= RECORDS TO USE =
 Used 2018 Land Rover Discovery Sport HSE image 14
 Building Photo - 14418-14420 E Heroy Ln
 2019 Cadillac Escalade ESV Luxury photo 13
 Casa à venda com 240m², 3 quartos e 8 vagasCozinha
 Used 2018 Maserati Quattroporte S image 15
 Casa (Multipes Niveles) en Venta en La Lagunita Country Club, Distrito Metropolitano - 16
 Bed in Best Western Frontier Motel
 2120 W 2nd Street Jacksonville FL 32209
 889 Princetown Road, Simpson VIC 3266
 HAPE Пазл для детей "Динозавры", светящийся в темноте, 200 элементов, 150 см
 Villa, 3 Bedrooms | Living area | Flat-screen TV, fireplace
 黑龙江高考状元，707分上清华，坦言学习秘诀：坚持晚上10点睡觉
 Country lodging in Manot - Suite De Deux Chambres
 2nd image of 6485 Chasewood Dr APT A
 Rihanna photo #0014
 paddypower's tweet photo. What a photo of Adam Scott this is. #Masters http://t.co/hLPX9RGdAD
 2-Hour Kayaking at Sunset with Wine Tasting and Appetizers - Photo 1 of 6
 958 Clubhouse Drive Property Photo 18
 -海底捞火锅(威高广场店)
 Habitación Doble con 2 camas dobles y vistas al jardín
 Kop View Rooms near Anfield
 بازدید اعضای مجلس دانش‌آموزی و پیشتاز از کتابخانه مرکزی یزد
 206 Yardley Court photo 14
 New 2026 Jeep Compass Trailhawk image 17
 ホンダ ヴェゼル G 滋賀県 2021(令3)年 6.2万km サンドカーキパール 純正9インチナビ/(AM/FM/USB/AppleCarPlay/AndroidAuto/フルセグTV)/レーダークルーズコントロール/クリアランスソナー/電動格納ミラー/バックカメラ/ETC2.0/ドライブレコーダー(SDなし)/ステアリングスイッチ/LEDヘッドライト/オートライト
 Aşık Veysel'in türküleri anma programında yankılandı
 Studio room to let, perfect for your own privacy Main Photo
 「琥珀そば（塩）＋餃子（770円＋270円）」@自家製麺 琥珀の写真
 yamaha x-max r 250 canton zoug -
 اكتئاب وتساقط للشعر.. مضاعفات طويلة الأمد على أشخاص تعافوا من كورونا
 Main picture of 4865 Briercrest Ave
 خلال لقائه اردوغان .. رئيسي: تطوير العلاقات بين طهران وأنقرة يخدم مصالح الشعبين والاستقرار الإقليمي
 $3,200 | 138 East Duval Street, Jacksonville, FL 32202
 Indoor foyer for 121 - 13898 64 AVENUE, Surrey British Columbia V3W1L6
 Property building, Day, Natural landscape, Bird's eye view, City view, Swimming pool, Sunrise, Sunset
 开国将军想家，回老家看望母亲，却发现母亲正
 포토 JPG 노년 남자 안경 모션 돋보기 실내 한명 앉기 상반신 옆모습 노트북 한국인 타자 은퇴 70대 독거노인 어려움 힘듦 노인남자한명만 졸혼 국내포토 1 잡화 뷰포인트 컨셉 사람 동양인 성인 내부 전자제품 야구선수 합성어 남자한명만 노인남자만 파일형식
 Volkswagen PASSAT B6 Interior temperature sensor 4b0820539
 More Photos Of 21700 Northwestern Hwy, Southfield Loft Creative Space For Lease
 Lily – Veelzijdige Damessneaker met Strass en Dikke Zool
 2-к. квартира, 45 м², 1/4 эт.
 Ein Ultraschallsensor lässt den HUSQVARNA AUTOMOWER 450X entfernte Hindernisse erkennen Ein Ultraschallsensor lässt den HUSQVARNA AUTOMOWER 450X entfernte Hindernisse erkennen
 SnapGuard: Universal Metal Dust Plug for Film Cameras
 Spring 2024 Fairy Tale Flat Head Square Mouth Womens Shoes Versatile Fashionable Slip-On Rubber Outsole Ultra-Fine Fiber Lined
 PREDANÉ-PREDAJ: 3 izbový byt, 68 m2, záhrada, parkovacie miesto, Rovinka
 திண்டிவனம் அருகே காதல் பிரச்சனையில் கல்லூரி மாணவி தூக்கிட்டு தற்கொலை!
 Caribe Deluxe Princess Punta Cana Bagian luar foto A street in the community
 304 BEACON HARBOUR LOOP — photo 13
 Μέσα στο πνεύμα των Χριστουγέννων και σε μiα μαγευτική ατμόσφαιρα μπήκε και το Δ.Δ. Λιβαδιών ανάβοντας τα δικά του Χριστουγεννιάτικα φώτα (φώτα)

= WHAT TO DO =
What you return must be the lines above that run from the line with "黑龙江高考状元，707分上清华，坦言学习秘诀：坚持晚上10点睡觉" to the line with "PREDANÉ-PREDAJ: 3 izbový", inclusive, each copied exactly.

= EXERCISE SOLUTION =
 黑龙江高考状元，707分上清华，坦言学习秘诀：坚持晚上10点睡觉
 Country lodging in Manot - Suite De Deux Chambres
 2nd image of 6485 Chasewood Dr APT A
 Rihanna photo #0014
 paddypower's tweet photo. What a photo of Adam Scott this is. #Masters http://t.co/hLPX9RGdAD
 2-Hour Kayaking at Sunset with Wine Tasting and Appetizers - Photo 1 of 6
 958 Clubhouse Drive Property Photo 18
 -海底捞火锅(威高广场店)
 Habitación Doble con 2 camas dobles y vistas al jardín
 Kop View Rooms near Anfield
 بازدید اعضای مجلس دانش‌آموزی و پیشتاز از کتابخانه مرکزی یزد
 206 Yardley Court photo 14
 New 2026 Jeep Compass Trailhawk image 17
 ホンダ ヴェゼル G 滋賀県 2021(令3)年 6.2万km サンドカーキパール 純正9インチナビ/(AM/FM/USB/AppleCarPlay/AndroidAuto/フルセグTV)/レーダークルーズコントロール/クリアランスソナー/電動格納ミラー/バックカメラ/ETC2.0/ドライブレコーダー(SDなし)/ステアリングスイッチ/LEDヘッドライト/オートライト
 Aşık Veysel'in türküleri anma programında yankılandı
 Studio room to let, perfect for your own privacy Main Photo
 「琥珀そば（塩）＋餃子（770円＋270円）」@自家製麺 琥珀の写真
 yamaha x-max r 250 canton zoug -
 اكتئاب وتساقط للشعر.. مضاعفات طويلة الأمد على أشخاص تعافوا من كورونا
 Main picture of 4865 Briercrest Ave
 خلال لقائه اردوغان .. رئيسي: تطوير العلاقات بين طهران وأنقرة يخدم مصالح الشعبين والاستقرار الإقليمي
 $3,200 | 138 East Duval Street, Jacksonville, FL 32202
 Indoor foyer for 121 - 13898 64 AVENUE, Surrey British Columbia V3W1L6
 Property building, Day, Natural landscape, Bird's eye view, City view, Swimming pool, Sunrise, Sunset
 开国将军想家，回老家看望母亲，却发现母亲正
 포토 JPG 노년 남자 안경 모션 돋보기 실내 한명 앉기 상반신 옆모습 노트북 한국인 타자 은퇴 70대 독거노인 어려움 힘듦 노인남자한명만 졸혼 국내포토 1 잡화 뷰포인트 컨셉 사람 동양인 성인 내부 전자제품 야구선수 합성어 남자한명만 노인남자만 파일형식
 Volkswagen PASSAT B6 Interior temperature sensor 4b0820539
 More Photos Of 21700 Northwestern Hwy, Southfield Loft Creative Space For Lease
 Lily – Veelzijdige Damessneaker met Strass en Dikke Zool
 2-к. квартира, 45 м², 1/4 эт.
 Ein Ultraschallsensor lässt den HUSQVARNA AUTOMOWER 450X entfernte Hindernisse erkennen Ein Ultraschallsensor lässt den HUSQVARNA AUTOMOWER 450X entfernte Hindernisse erkennen
 SnapGuard: Universal Metal Dust Plug for Film Cameras
 Spring 2024 Fairy Tale Flat Head Square Mouth Womens Shoes Versatile Fashionable Slip-On Rubber Outsole Ultra-Fine Fiber Lined
 PREDANÉ-PREDAJ: 3 izbový byt, 68 m2, záhrada, parkovacie miesto, Rovinka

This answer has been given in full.